Il giornalismo non le bastava più?
Per me iniziare a fare la giornalista è stato quasi un miracolo. Calabrese, di famiglia cattolica e conservatrice, appena laureata in giurisprudenza dopo essere stata accompagnata per anni da mia madre all'università, iniziare a firmare articoli di costume sulla prima pagina del "Giorno" è stato un record. Mi sono sempre detta: preferisco fare cinquant'anni di ottimo giornalismo che mediocri romanzi. Poi ti accorgi, anche con tutte le mie avventurose esplorazioni, che il giornalismo può essere importante per gli altri ma a te non basta. La superficialità è inevitabile.
Lei è stata collega di giornaliste mitiche.
Io sono tra le prime donne che hanno scritto sui quotidiani nazionali, insieme a Camilla Cederna e Oriana Fallaci. Soltanto che nessuna è stata così incosciente, come me, da sposarsi e fare figli. Devo moltissimo alla Cederna e soprattutto a sua madre. Quando mi chiesero di occuparmi di costume ero appena arrivata a Milano e non conoscevo nessuno. Così per un mese le Cederna, a colazione, mi hanno insegnato tutto.
E la Fallaci?
Lei mi ha teso una trappola, quando eravamo entrambe a Montecarlo per un servizio. Da allora non ci siamo più rivolte la parola.

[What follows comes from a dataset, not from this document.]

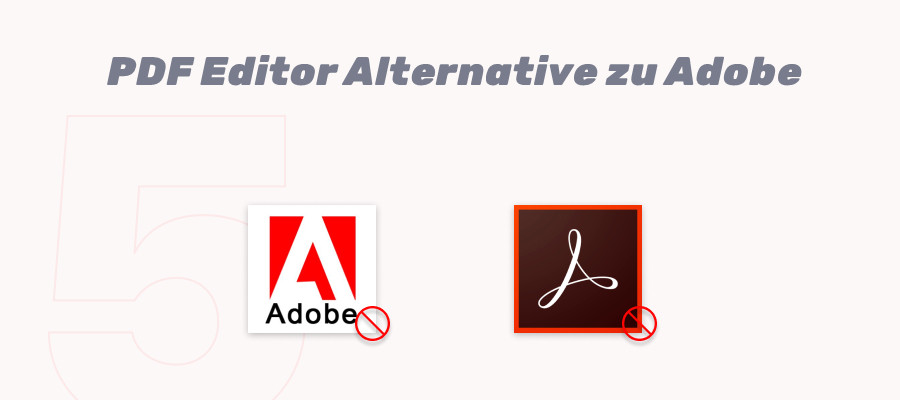 5 Alternativen zur PDF-Bearbeitung ohne Adobe Acrobat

Questo nuovo libro cosa significa per lei?
Dovevo testimoniare a me stessa la mia esistenza attraverso una storia di generazioni, di sud, di handicap che però sono anche stimmate di autenticità. Allora ho ricominciato dalle genealogie femminili, dalla madre di mia madre morta di parto a ventisei anni. Ho trovato tra le carte di mia madre le lettere di mia nonna che lei per discrezione non aveva mai letto. Io con la violenza che mi deriva da oltre quarant'anni di giornalismo le ho lette e mi sono sembrate così importanti che le ho messe in cima alla mia storia.
E' stato difficile scrivere una storia autobiografica?

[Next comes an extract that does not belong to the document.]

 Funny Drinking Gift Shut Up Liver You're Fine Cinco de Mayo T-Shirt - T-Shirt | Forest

La sfida è stata scrivere avendo i personaggi intorno a me. Contro tutte le regole della buona letteratura. Non ho aspettato che tutti fossero morti e che la memoria distanziasse gli eventi. Senza presunzione di arrivare alla sua importanza, un po' come nei suoi "Diari" ha fatto Anais Nin. Ora non temo tanto il giudizio di mia madre, che non legge più, quanto di mio figlio.
Perché la protagonista del romanzo si mette nella condizione di schiavitù?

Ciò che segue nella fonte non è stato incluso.